> [PROBLEM TO WORK ON]
Using the records below, transcribe word for word the stretch from the line that contains "Fragmentary Statuette of" through the line that contains "Gold plated handcrafted finger ring", both end lines included, and nothing else.

>>>>

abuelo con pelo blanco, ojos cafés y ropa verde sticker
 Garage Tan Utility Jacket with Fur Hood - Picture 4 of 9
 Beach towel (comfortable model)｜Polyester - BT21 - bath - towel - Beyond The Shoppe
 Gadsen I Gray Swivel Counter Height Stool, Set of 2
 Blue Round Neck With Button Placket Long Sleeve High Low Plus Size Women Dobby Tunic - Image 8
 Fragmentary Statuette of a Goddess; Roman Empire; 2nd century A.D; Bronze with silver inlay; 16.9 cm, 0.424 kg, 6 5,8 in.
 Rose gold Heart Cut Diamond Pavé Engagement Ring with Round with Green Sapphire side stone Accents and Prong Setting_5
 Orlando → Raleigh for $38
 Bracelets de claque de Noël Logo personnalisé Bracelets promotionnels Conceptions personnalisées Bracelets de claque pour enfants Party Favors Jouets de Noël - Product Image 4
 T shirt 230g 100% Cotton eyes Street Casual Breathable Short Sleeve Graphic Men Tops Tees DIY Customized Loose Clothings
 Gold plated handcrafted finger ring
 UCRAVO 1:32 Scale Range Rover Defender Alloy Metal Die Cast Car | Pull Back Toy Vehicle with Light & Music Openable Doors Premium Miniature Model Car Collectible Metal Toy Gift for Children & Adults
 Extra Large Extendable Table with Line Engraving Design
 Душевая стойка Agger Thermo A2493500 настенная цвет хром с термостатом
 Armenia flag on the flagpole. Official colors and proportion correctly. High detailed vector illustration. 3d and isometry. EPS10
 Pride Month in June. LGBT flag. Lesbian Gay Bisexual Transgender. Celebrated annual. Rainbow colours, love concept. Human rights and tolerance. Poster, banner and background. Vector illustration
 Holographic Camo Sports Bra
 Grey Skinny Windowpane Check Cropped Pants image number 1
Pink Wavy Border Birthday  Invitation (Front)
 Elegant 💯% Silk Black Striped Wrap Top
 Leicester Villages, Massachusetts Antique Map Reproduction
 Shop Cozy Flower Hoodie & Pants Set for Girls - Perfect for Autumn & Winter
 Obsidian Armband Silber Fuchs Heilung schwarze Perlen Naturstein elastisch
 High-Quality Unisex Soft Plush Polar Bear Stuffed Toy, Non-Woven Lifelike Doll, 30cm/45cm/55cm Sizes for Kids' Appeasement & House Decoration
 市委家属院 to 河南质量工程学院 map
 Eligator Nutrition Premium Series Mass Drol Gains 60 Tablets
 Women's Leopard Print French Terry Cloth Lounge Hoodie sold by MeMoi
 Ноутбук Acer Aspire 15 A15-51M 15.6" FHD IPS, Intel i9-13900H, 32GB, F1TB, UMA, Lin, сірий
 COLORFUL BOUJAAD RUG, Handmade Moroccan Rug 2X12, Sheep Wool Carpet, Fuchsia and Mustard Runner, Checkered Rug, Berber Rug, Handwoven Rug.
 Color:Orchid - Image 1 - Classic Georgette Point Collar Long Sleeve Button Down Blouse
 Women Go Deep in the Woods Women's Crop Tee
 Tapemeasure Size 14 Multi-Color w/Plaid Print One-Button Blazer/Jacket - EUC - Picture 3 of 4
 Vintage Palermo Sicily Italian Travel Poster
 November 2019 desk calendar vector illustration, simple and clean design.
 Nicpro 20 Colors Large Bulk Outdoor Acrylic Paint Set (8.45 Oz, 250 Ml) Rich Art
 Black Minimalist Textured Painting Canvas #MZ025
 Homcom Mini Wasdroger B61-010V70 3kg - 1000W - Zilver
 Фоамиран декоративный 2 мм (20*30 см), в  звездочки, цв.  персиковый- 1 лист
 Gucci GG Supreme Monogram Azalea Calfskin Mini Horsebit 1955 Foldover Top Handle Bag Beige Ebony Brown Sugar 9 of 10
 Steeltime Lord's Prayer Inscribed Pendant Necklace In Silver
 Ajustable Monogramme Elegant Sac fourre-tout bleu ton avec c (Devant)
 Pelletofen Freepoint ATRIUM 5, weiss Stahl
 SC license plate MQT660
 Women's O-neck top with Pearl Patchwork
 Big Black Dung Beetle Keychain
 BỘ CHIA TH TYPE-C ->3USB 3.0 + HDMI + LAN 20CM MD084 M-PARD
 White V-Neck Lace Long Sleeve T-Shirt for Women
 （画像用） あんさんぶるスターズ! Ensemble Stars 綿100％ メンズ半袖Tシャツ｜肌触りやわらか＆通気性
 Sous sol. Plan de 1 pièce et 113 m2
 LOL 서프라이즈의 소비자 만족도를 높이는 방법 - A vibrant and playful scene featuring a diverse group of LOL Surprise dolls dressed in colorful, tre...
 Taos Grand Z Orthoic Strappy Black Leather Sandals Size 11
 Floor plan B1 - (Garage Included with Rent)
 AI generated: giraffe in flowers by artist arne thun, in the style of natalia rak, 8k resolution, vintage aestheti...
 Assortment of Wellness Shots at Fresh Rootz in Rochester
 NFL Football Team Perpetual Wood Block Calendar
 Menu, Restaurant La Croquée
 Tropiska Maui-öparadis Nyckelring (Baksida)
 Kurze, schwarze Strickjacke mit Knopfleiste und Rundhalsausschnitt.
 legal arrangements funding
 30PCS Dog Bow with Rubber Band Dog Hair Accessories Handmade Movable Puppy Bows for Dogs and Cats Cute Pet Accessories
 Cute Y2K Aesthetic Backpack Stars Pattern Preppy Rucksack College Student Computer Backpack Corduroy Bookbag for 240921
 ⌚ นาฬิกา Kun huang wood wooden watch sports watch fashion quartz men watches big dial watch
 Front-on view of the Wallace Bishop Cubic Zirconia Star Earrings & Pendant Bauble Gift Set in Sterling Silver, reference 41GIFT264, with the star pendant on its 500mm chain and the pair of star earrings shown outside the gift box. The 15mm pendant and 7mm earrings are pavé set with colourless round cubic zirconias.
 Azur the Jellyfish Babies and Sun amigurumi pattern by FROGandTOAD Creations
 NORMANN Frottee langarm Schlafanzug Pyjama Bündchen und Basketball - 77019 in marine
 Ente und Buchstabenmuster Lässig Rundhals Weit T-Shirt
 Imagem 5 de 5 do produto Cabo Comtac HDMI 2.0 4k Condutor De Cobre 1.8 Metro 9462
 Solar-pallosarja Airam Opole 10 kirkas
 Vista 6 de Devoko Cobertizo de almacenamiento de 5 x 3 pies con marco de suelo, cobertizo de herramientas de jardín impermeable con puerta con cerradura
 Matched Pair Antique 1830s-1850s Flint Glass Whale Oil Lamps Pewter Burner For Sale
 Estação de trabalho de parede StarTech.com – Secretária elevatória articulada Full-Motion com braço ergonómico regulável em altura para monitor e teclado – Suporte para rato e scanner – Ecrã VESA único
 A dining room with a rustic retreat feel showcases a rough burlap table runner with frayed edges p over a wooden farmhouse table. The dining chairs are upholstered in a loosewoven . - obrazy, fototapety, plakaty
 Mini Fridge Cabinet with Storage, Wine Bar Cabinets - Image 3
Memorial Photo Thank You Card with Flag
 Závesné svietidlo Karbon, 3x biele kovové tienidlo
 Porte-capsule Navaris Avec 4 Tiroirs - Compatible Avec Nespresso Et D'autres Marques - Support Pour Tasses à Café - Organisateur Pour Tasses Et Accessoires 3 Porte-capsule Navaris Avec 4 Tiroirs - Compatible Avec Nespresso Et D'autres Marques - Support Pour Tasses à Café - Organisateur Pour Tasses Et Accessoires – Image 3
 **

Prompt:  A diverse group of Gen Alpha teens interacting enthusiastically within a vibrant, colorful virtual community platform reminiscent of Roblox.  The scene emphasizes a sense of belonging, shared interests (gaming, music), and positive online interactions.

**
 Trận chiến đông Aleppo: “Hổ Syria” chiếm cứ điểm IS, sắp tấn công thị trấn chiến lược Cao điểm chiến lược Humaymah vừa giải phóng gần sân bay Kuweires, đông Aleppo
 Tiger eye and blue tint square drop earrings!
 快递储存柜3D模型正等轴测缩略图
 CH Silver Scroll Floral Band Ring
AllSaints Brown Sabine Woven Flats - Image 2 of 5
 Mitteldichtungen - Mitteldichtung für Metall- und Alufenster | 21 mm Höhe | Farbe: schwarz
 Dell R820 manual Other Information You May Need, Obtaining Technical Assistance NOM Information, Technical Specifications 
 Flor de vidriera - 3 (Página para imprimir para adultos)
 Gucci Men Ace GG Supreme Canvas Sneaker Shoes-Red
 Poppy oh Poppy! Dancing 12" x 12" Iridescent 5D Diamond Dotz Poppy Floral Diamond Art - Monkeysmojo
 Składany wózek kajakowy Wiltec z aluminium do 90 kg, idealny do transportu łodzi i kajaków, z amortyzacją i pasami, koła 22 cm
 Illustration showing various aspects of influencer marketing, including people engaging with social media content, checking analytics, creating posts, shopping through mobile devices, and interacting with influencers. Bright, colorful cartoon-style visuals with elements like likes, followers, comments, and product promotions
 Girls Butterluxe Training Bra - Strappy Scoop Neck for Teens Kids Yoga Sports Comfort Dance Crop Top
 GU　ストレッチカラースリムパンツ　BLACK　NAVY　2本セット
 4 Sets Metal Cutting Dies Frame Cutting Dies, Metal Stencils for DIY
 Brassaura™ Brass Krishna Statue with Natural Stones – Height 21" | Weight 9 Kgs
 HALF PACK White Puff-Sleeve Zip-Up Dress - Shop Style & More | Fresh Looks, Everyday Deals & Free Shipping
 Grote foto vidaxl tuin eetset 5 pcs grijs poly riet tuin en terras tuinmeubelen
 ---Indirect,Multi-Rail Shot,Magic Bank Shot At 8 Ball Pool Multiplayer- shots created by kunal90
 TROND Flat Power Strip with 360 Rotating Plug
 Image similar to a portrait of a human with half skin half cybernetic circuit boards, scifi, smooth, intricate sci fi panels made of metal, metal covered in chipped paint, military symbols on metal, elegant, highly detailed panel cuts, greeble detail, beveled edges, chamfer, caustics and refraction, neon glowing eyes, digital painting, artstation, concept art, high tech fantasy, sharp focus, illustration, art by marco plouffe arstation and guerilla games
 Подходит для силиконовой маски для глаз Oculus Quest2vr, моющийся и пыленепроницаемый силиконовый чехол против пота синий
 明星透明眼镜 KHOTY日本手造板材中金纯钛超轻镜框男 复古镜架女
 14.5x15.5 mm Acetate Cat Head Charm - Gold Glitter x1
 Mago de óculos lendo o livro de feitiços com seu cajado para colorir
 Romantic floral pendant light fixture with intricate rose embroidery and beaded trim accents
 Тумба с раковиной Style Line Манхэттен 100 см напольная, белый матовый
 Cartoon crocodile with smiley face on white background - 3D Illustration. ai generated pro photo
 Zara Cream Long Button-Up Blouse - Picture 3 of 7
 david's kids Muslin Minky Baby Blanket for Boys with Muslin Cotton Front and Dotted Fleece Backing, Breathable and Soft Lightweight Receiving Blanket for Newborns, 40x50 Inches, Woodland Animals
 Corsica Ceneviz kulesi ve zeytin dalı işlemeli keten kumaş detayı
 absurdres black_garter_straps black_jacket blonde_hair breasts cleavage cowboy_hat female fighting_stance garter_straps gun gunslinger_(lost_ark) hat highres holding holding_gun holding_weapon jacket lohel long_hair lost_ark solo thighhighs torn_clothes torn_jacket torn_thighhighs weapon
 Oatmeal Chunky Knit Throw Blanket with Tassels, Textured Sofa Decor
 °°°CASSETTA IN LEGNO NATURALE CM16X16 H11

<<<<

> [YOUR SOLUTION]
 Fragmentary Statuette of a Goddess; Roman Empire; 2nd century A.D; Bronze with silver inlay; 16.9 cm, 0.424 kg, 6 5,8 in.
 Rose gold Heart Cut Diamond Pavé Engagement Ring with Round with Green Sapphire side stone Accents and Prong Setting_5
 Orlando → Raleigh for $38
 Bracelets de claque de Noël Logo personnalisé Bracelets promotionnels Conceptions personnalisées Bracelets de claque pour enfants Party Favors Jouets de Noël - Product Image 4
 T shirt 230g 100% Cotton eyes Street Casual Breathable Short Sleeve Graphic Men Tops Tees DIY Customized Loose Clothings
 Gold plated handcrafted finger ring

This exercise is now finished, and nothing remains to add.